An R-dataframe. Think about it as excel on steroids.

R is a lot of things: a data-management tool, a data-analysis tool, a visualisation tool, and a programming language.

Runner demographics

The capital is very over-represented

How about gender?

56% of runners are males.

And about age of the runners? Wow, actually I’m rather young(34), if we look at the age distribution.

The vertical red line represents my age


Pink horizontal line represents my net time (125 minutes)

The net time distribution is interesting. First, looks like i’m rather below the average pace with my time.

Second, look at the shape of the histograms. You can argue that male times look somewhat normally — with a median around 115 minutes. However, female times are bi-modal. There are 2 distinct group: the ladies who run the same or better times than an average guy, and another group, which peaks around 135 minutes.

And how about a scatter plot: time vs age vs sex ?

Every point represents one runner. The line represents a regressive, imaginary average.
  • Pink points (males) are rather at the lower part of the plot. On average, males run faster.
  • We can’t see any big difference between ages. However, there is a peak around 25. It’s not clear, if the 20-somethings really do worse, or this is some other effect.
  • At very good times (below 1:40) males are over-represented.
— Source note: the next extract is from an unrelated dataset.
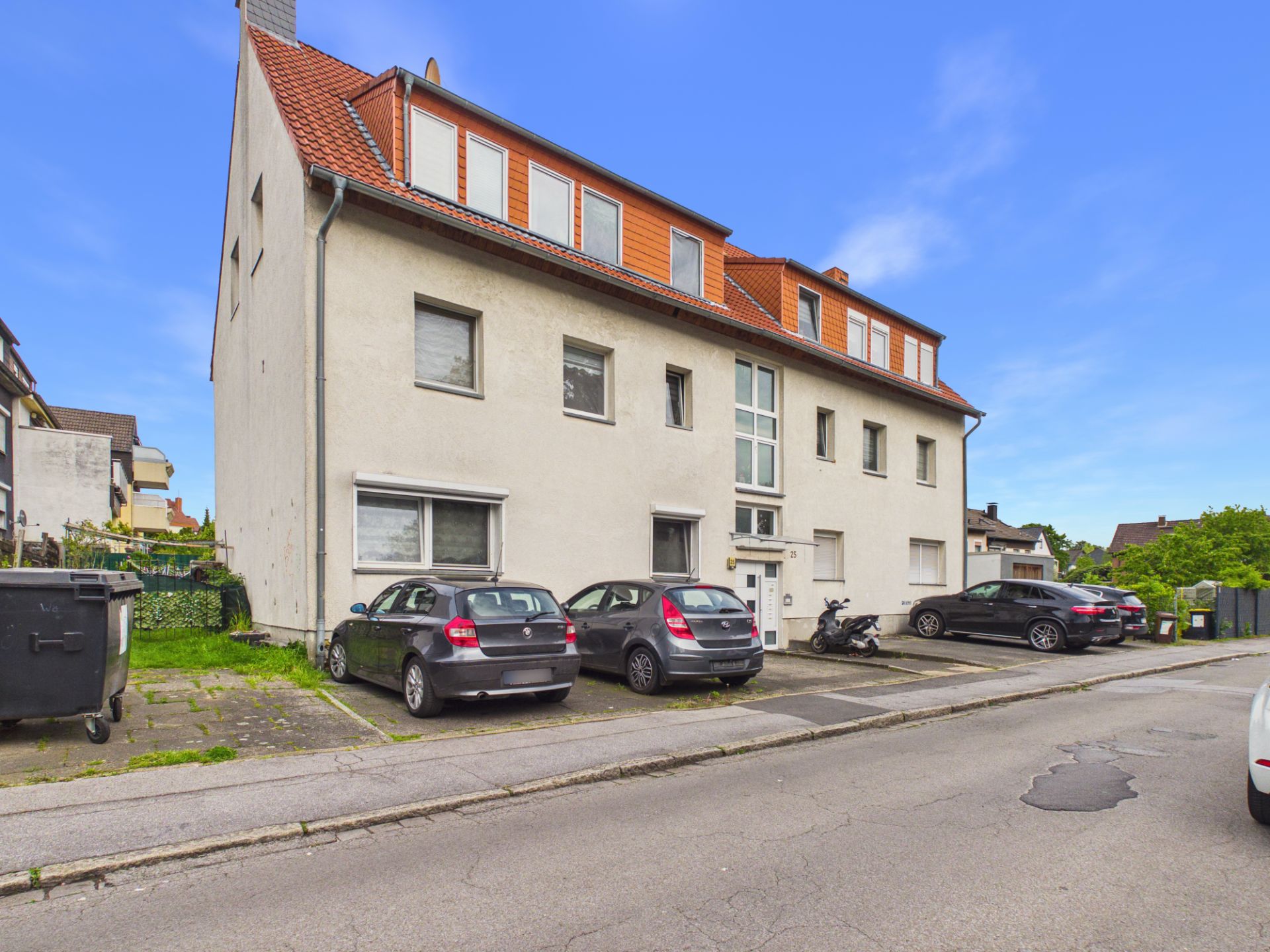 Mehrfamilienhaus mit mehreren geparkten Autos vor dem Eingang an einer Wohnstraße.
I have an assumption that usually runners run second round slower — they are tired after 10 kilometers.

Difference between 2 rounds, in seconds. Positive numbers represent slower, while negative numbers a faster pace at the second round. Red line is 0, which is exactly same 2 rounds.

The assumption was right — the average runner loses 1.5 minutes at the second 10 kilometers. It is worth to note that this is a beautiful, a little right skewed bell-curve.

Lets scatter plot the same data! At this plot we see the pace changing (y-scale) vs age, grouped by sex.

The line represents regressed average for the given age group

Here we can see something really fun. Male and female pace changes more-or-less the same way. However:

Females around 25-years lose a lot of pace at the second round — which is not true for other female age groups. This is probably the same affect which we already seen at the age vs net-time distribution; and I’m sure that it is somehow connected with the bi-modal net time female time results.

Looks like male runners are more homogenous, while females are more diverse.